Stage is already high and big! Just what I was missing.

What can I do about some ques coming from the right that pull image down to opening of right horn?

For instance, in hotel Cali live, there is a wood block being played and I hear it at the glove box. 
Can something like thin foam be put on the part of the horn that you see to soften the localization of a few frequencies? 

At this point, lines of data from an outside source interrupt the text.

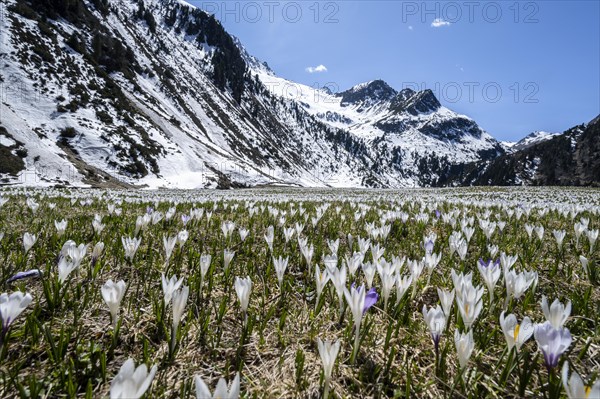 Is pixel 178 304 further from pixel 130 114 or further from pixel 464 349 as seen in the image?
pixel 130 114

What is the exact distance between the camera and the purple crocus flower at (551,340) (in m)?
1.22

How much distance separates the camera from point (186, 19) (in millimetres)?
151750

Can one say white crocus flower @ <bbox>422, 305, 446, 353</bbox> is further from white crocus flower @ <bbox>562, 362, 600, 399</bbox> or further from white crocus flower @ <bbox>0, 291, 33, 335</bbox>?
white crocus flower @ <bbox>0, 291, 33, 335</bbox>

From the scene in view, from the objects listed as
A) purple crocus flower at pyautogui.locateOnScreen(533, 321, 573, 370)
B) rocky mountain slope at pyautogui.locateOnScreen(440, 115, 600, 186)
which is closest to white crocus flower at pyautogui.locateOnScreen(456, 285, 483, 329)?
purple crocus flower at pyautogui.locateOnScreen(533, 321, 573, 370)

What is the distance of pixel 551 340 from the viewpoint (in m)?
Answer: 1.25

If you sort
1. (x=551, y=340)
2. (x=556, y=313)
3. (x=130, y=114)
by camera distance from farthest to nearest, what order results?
(x=130, y=114) → (x=556, y=313) → (x=551, y=340)

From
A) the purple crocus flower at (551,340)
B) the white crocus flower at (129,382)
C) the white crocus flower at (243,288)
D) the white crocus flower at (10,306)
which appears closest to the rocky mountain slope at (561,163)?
the purple crocus flower at (551,340)

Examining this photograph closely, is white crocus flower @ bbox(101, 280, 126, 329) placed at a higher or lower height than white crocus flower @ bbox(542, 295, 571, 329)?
lower

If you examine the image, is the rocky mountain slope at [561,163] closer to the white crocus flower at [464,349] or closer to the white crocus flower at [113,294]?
the white crocus flower at [464,349]

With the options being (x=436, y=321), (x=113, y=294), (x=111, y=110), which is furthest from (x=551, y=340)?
(x=111, y=110)

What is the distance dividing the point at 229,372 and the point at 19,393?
875 millimetres

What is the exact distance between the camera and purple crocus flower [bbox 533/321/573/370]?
1225 millimetres

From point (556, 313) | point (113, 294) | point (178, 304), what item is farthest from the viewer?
point (113, 294)

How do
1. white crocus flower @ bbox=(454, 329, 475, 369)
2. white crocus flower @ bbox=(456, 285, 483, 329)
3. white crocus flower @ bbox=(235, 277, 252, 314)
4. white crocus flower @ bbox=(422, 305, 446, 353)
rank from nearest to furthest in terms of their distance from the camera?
white crocus flower @ bbox=(454, 329, 475, 369) < white crocus flower @ bbox=(422, 305, 446, 353) < white crocus flower @ bbox=(456, 285, 483, 329) < white crocus flower @ bbox=(235, 277, 252, 314)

I dont think I'ma gonna have room to get it deeper than flush with dash.


----------



## Eric Stevens (Dec 29, 2007)

slimxb8 said:


> I mocked them up tonight, quick TA,and ran it threw REW.
> I have NEVER EVER heard anything this smooth and warm. No weird phase issues. Very littleTA.
> 
> Stage is already high and big! Just what I was missing.
> ...


No foam or other treatments, the sound is mostly acting like a liquid until well after the horn mouth so its not a reflection or refraction within the horn. If you are localizing to the horn there is something causing frequency steering or its a lobing effect through the crossover region between horn and midbass. First thing I would try is reversing phase of the horns relative to the midbass, or you can try some delay on the midbass.


----------



## slimxb8 (Sep 1, 2018)

Been a few days now and what I noticed over my other set up is. When I go out in the morning, I don't hate the tune. I felt like I'd get a good set up with the A pillars but the next day I'd be like really? This sucks. 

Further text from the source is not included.